• Work required
Starting at the line that holds "Slow Cooker Bean and Bacon Soup", reproduce each line exactly up to and including the last line of the records below. Pictures stay out.

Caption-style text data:

*** Block opens ***

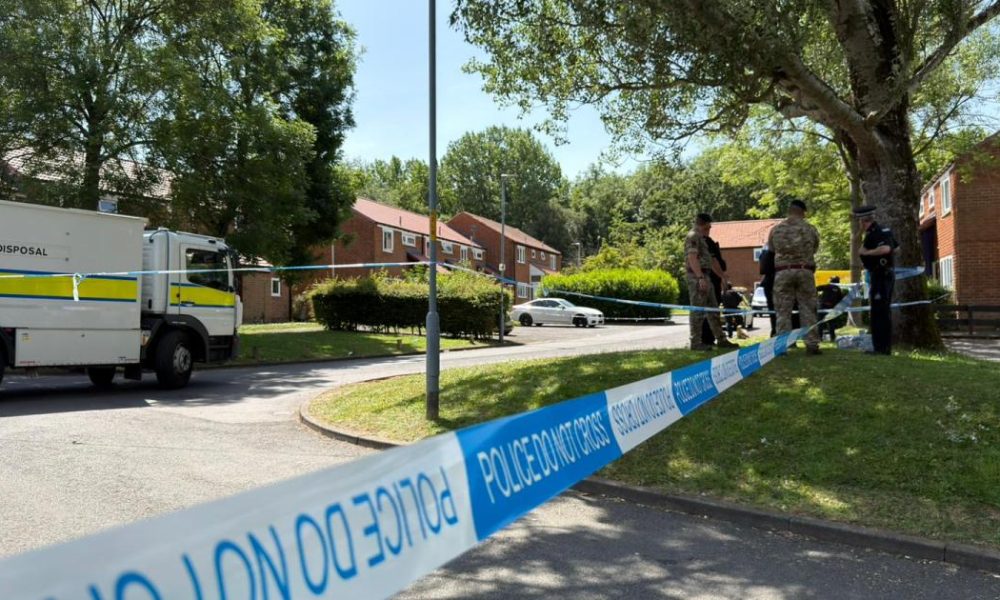 Bomb squad and armed police called to Hemlington home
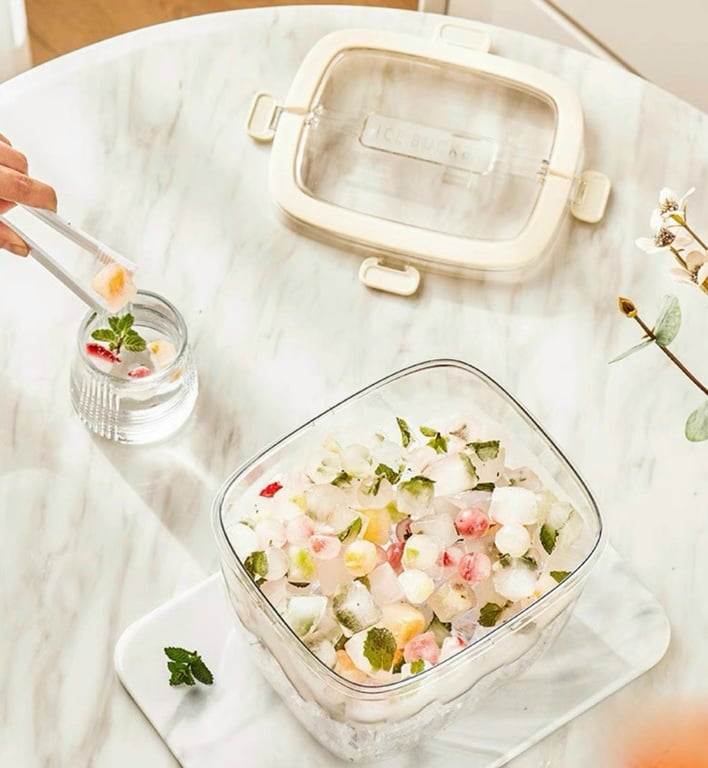 THÙNG ĐỰNG ĐÁ BẰNG NHỰA CAO CẤP TẶNG KÈM GẮP ĐÁ TIỆN LỢI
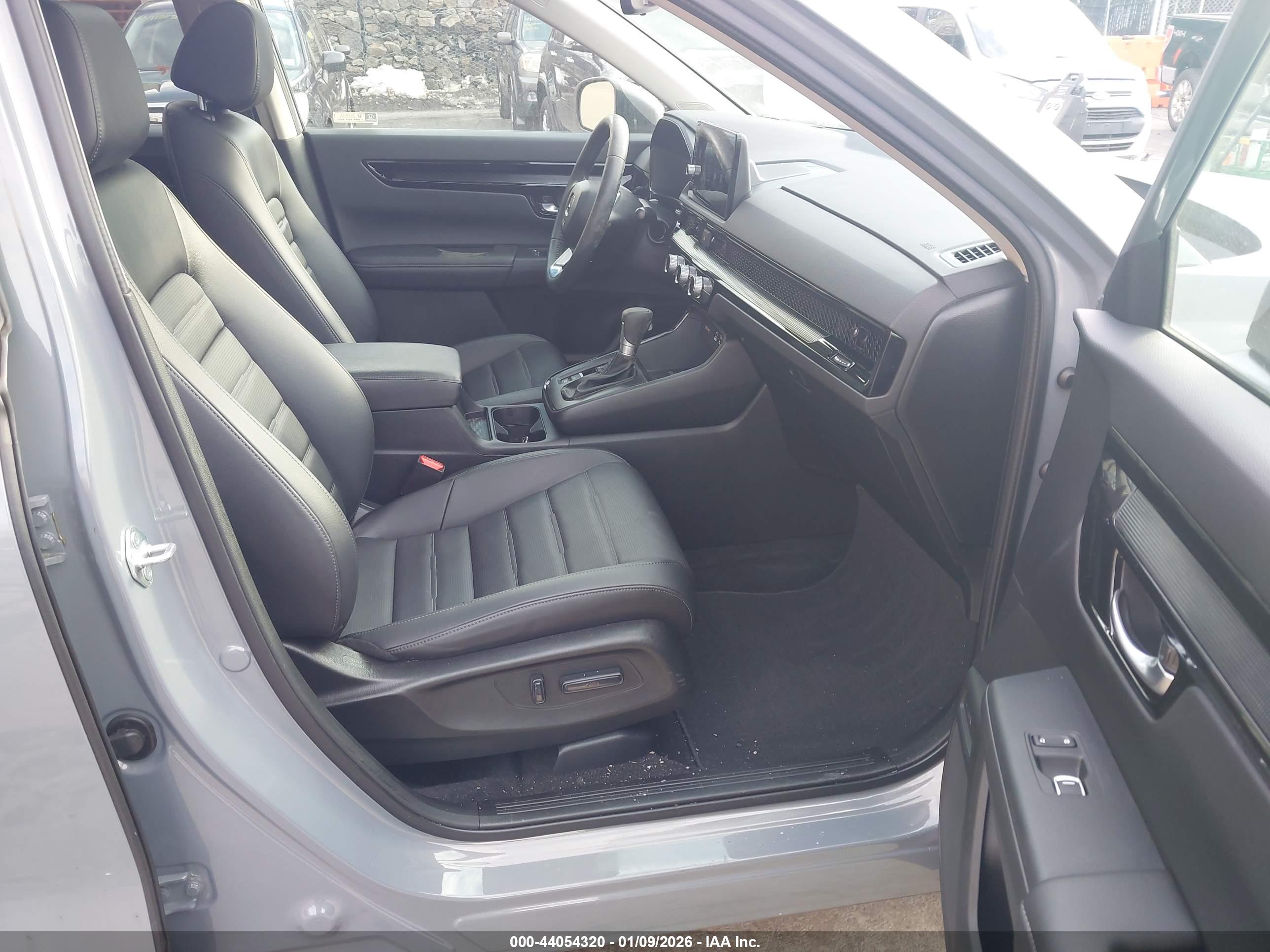 HONDA CR-V image 5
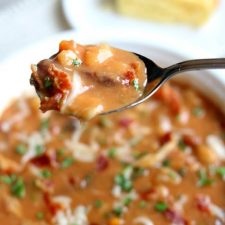 Slow Cooker Bean and Bacon Soup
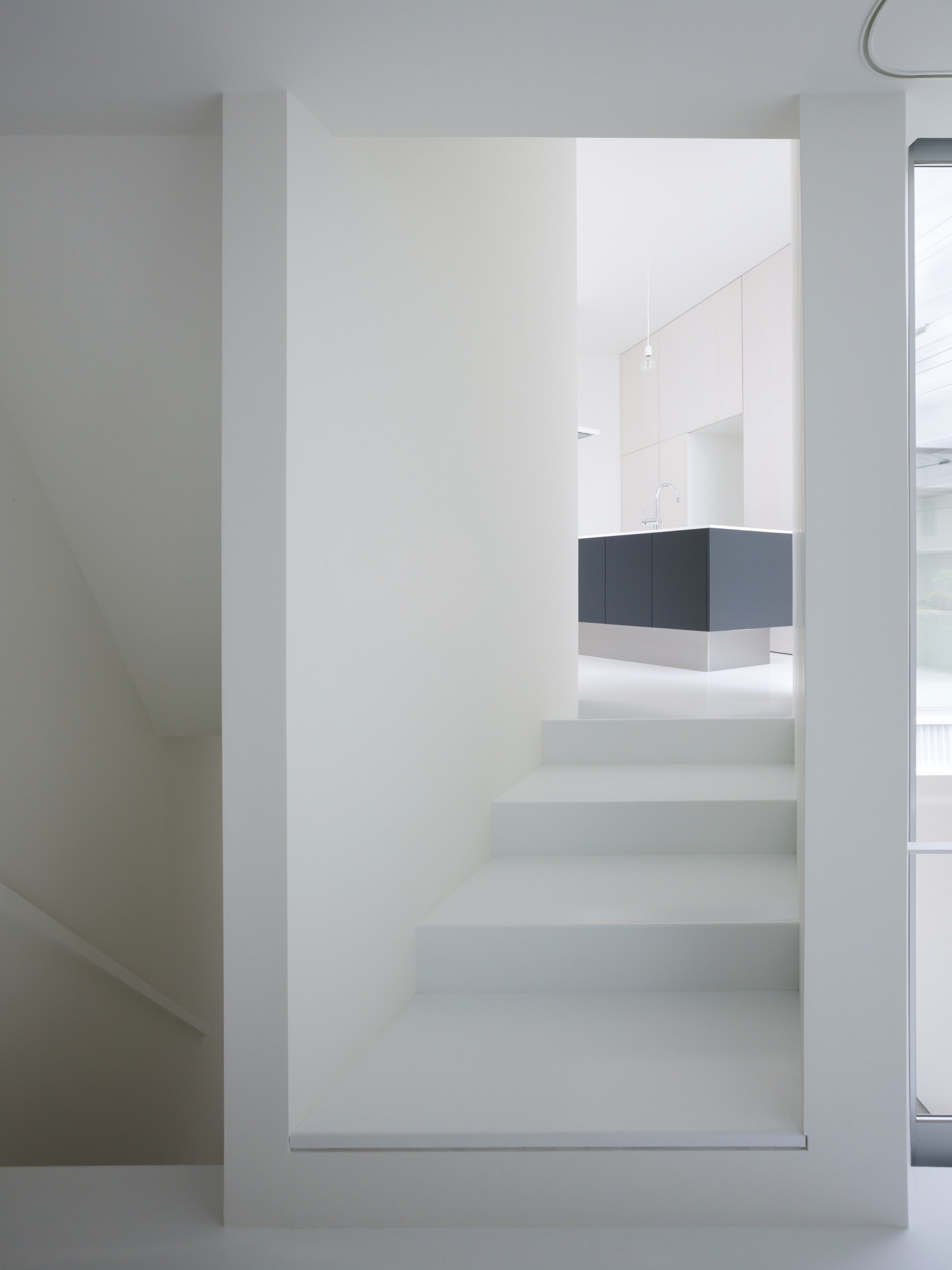 Slice of the City by Alphaville Architects, minimalism, japan, white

*** Block closes ***

• Response area
 Slow Cooker Bean and Bacon Soup
 Slice of the City by Alphaville Architects, minimalism, japan, white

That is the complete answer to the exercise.